In Spore creatures just hold things with their mouths so…

Would they be able to efficiently use tools? That’s kind of an important evolutionary step towards space technology.

3 Likes

Birds like parrots are able to hold some things with their feet, so that may work for some creatures.

As long as it can manipulate objects it should work

2 Likes

You can use tentacles

@PositiveTower if I ripped out your bones are your hands still hands?

1 Like

Is… Is that a threat?

2 Likes

No, I just wanted to tell him that tentacles are hands without bones.

I’m on mobile but if anyone can scrounge up my thread on the old forum on sapience, you can find that it sort of addressed this

You mean this thread? Because there wasn’t really a final conclusion about manipulatory limbs, just people that thought “hands” meant literal human hands and suggesting tentacles and such as counter-argument, and you responding with “ffs I didn’t mean literal human hands, just ways to manipulate the environment”

what about prehensile tails?

That could work, just matters how easily it can use tools

the real question is how well they can make tools

FYI ffs means for funnies sake

move things with your mind powers
:smiley:
1 Like

One cool idea someone had ages ago was that when you’re making a creature you have to put a bit of brain in to control any controllable part. So a flipper might need a small motor control area devoted to it, a hand might need a lot more, eyes would need loads. You could even upgrade the part by upgrading the brain.

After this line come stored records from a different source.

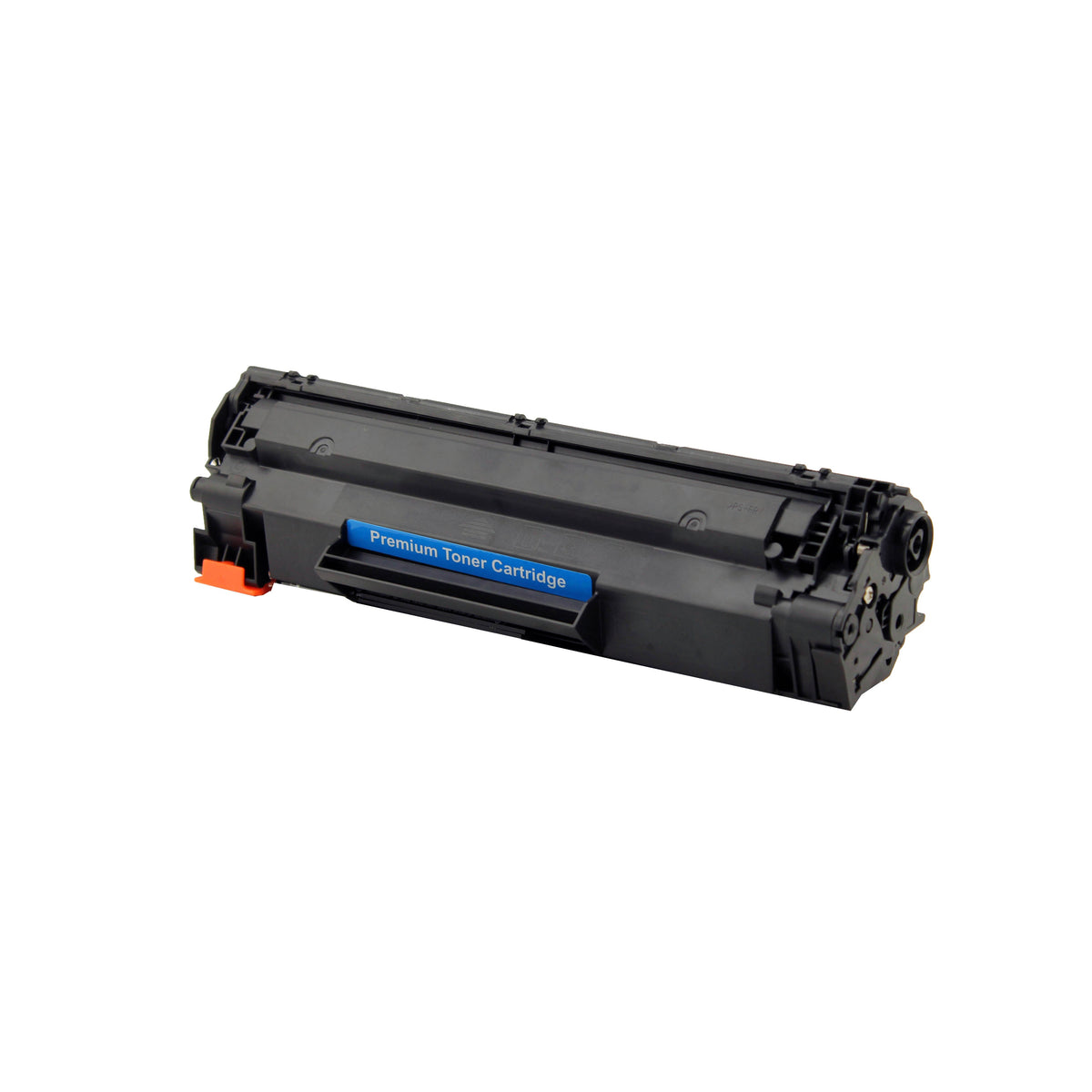 toner voor canon 713 voor canon i-sensys lbp-3250 n 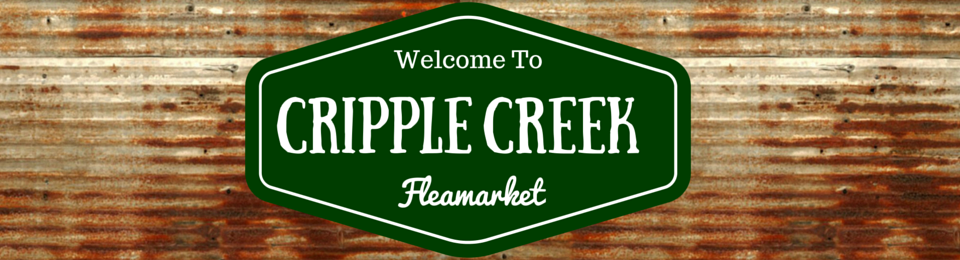 Cripple Creek Fleamarket LLC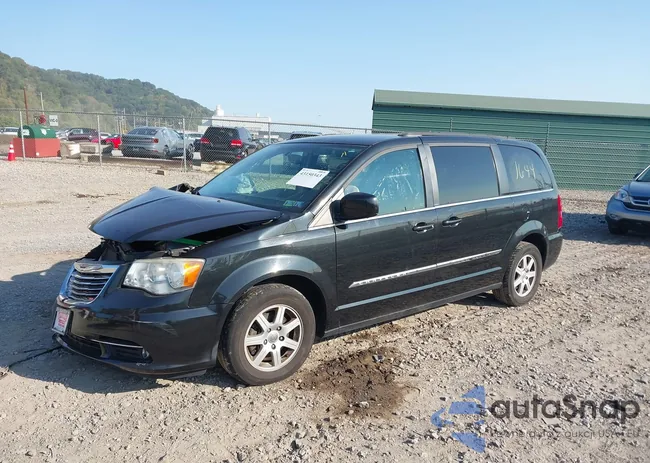 2C4RC1BG2CR251644: 43150343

Would make it an interesting tradeoff, for example if you stay armless you can afford to spend more brains on other stuff, like amazing vision and language skills or something. If you choose to have 20 arms with hands on each one that means you need a mega brain just to control them all which costs loads of calories to run making things hard.

Not sure if we’ll go down that route, sounds interesting I think.

4 Likes

Don’t octopi have neurons in their “arms” that reduce the load on their central brain? Something like that would be cool. Though, still the neurons would take the same amount of energy to operate, no matter where they are.

Am I the only one who saw this and immediately thought of elephants? They have a very powerful yet delicate trunk, which is capable of precise movement. I can imagine a society of smart elephant villages.

1 Like

Yeah I think they do have distributed arm control. It’s really interesting, I guess they just send the idea of what they want the tentacle to do and then hope it does it vaguely right.

I guess we have a bit of the same thing with autonomous reflexes.